DaftVader · February 20, 2021, 11:11pm

I am experimenting with this code that I got from the net,
I am trying to get better at SQL so would like to understand why this does not do what it seems it should.
I am running it against a over 10million row table which I noticed had several duplicate rows .
The Code:
select * from boilerdata where ReadingDate in (
select ReadingDate from boilerdata
group by ReadingDate having count(*)=6
)

I believe This should return any duplicate Datetimes, where specifically there are 6 duplicates for a particular DateTime Grouped together.
BTW the =6 is just an example I have tried >n or =n with several numbers but all give me similar unexpected results.
The Table consists of 2 rows added every minute 24/7 so there are always 2 of any datetime anyway,
(I don't think this is good so I am thinking of just changing that to one row per
minute ).

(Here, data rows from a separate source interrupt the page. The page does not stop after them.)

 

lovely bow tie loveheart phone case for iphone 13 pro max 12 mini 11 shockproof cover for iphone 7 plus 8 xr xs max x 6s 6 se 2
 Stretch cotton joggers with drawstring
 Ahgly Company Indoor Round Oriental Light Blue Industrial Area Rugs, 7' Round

But I digress.
So I could go on about all the results I have had but mainly it works better if I use an = rather than a >
So with this example I got several groups of 6 + several groups of 4 + about 30 groups of 2 at the end.
I can't explain this at all ! I only asked for 6 anyway but got the 4's as well? that's hard enough to explain but why the 30 or so groups of 2 ? there are millions of groups of 2 in the table!
I would appreciate any help , hopefully I might learn something.

Thanks

ScottPletcher · February 21, 2021, 4:44am

Usable sample data -- create table and insert statement(s) -- would be much easier to understand so that we can help you by providing actual code.

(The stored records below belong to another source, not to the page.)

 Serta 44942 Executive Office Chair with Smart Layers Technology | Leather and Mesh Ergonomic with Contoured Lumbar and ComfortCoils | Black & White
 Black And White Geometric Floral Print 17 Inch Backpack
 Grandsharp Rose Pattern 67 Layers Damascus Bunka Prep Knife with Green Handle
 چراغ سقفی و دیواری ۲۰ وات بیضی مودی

yosiasz · February 21, 2021, 5:29am

What column(s) make a row duplicate for this as @ScottPletcher recommended we need to see yoir table structure and some sample data that shows us what constitutes a dup. Or give us full access to your sql server

DaftVader · February 21, 2021, 11:47am

Hi and thanks.
This is the create Table code:
USE [Sensors]
GO

/****** Object: Table [dbo].[BoilerData] Script Date: 21/02/2021 11:44:10 ******/
SET ANSI_NULLS ON
GO

SET QUOTED_IDENTIFIER ON
GO

CREATE TABLE [dbo].[BoilerData](
[ID] [int] NOT NULL,
[Temperature] [decimal](5, 2) NOT NULL,
[BoilerState] [int] NOT NULL,
[ReadingDate] [datetime] NOT NULL,
[LatchValue] [int] NULL,
[Room] nvarchar NULL,

CONSTRAINT [PK_BoilerData_1] PRIMARY KEY CLUSTERED
(
[ID] ASC
)WITH (PAD_INDEX = OFF, STATISTICS_NORECOMPUTE = OFF, IGNORE_DUP_KEY = OFF, ALLOW_ROW_LOCKS = ON, ALLOW_PAGE_LOCKS = ON) ON [PRIMARY]
) ON [PRIMARY]
GO

DaftVader · February 21, 2021, 11:52am

This is the first 4 rows of the Table hope this is uploaded OK!
DB sample

DaftVader · February 21, 2021, 11:53am

As you can see the ReadingDate is the column that is duplicated

yosiasz · February 21, 2021, 3:19pm

That is not a duplicate.
The other column Room, shows different data as well as other columns. So you need to provide us more clearer requirements Vader, use the force

DaftVader · February 21, 2021, 10:59pm

Ah! Perhaps I got confused, Yes the row is not a duplicate but the Datetime is.
The code I quoted is looking for duplicate Datetimes
Or that's what it looks like to me?

yosiasz · February 22, 2021, 12:16am

duplication is based not on just one column. So which row do you want to see from the dups?